The rover’s Terrain-Relative Navigation acts like a second brain, using cameras to take pictures of the ground as it rapidly approaches and determines the safest spot to land. It can shift the landing spot by up to 2,000 feet, according to NASA.
The back shell and parachute separate after the heat shield is discarded when the spacecraft is 1.3 miles above the Martian surface. The Mars landing engines, which include eight retrorockets, will fire to slow the descent from 190 miles per hour to about 1.7 miles per hour.
Then, the famed sky crane maneuver that landed the Curiosity rover will occur. Nylon cords will lower the rover 25 feet below the descent stage. After the rover touches down on the Martian surface, the cords will detach and the descent stage will fly away and land at a safe distance.
On the surface of Mars
Once the rover has landed, Perseverance’s two-year mission will begin, and it will go through a “checkout” period to make sure it’s ready.
The rover will also find a nice, flat surface to drop the Ingenuity helicopter so it has a place to use as a helipad for its potential five test flights during a 30-day period. This will occur within the first 50 to 90 sols, or Martian days, of the mission.
Once Ingenuity is settled on the surface, Perseverance will drive to a safe spot at a distance and use its cameras to watch Ingenuity’s flight.
This will be the first flight of a helicopter on another planet.

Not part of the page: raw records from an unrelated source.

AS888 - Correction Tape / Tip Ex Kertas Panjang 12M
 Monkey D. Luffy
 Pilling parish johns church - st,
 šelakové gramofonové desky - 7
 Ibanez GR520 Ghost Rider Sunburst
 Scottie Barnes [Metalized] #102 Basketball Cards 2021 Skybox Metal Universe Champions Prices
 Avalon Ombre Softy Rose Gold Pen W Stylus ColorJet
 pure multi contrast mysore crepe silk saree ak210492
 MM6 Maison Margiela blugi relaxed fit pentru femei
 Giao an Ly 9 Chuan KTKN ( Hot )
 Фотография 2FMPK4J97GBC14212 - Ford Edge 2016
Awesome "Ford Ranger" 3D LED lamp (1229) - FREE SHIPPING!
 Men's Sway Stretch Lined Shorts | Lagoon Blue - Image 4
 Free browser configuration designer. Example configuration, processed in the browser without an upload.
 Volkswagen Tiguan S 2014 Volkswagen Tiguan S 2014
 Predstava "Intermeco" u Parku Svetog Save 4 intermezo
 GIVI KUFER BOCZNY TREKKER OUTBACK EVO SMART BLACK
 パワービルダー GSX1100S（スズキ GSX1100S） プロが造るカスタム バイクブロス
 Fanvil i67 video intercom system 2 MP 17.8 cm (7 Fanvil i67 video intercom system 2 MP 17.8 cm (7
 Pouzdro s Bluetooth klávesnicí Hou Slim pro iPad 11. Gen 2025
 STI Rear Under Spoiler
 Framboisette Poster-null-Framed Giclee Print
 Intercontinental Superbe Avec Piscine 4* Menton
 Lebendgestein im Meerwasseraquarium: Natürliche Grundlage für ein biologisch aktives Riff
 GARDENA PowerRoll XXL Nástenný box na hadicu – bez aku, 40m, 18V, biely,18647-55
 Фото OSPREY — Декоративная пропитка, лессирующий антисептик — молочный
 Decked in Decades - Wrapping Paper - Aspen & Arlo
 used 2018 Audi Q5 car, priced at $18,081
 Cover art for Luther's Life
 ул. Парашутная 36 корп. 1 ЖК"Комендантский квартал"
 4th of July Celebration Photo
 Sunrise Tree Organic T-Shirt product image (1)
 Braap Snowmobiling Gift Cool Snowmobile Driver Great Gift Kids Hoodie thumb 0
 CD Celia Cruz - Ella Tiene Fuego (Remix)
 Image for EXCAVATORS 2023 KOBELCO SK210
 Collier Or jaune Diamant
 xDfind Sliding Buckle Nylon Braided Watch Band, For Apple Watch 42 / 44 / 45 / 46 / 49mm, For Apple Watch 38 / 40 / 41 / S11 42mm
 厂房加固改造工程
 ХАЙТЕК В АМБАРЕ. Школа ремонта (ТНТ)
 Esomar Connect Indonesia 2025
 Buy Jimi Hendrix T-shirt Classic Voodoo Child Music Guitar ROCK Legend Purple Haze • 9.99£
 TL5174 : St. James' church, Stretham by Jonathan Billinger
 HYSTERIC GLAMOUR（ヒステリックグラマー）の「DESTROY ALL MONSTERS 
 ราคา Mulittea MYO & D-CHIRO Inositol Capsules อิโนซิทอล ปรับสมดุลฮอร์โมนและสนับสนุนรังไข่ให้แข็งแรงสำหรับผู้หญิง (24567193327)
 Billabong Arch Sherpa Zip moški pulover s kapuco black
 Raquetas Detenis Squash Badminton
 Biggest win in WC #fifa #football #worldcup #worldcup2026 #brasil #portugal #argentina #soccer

After those flights, Perseverance will begin searching for evidence of ancient life, study Mars’ climate and geology and collect samples that will eventually be returned to Earth via planned future missions. It will drive three times faster than previous rovers.
Jezero Crater was chosen as Perseverance’s home because billions of years ago, the basin was the site of a lake and river delta. Rocks and dirt from this basin could provide fossilized evidence of past microbial life, as well as more information about what ancient Mars was like.
“Perseverance’s sophisticated science instruments will not only help in the hunt for fossilized microbial life, but also expand our knowledge of Martian geology and its past, present, and future,” said Ken Farley, project scientist for Mars 2020, in a statement.
“Our science team has been busy planning how best to work with what we anticipate will be a firehose of cutting-edge data. That’s the kind of ‘problem’ we are looking forward to.”
The path Perseverance will traverse is about 15 miles long, an “epic journey” that will take years, Farley said. What scientists could discover about Mars, though, is worth the journey.
Perseverance also carries instruments that could help further exploration on Mars in the future, like MOXIE, the Mars Oxygen In-Situ Resource Utilization Experiment. This experiment, about the size of a car battery, will attempt to convert Martian carbon dioxide into oxygen.
Not only could this help NASA scientists learn how to produce rocket fuel on Mars, but also oxygen that could be use during future human exploration of the red planet.
“The mission provides hope and unity,” Zurbuchen said. “As our cosmic neighbor, Mars continues to captivate our imagination.”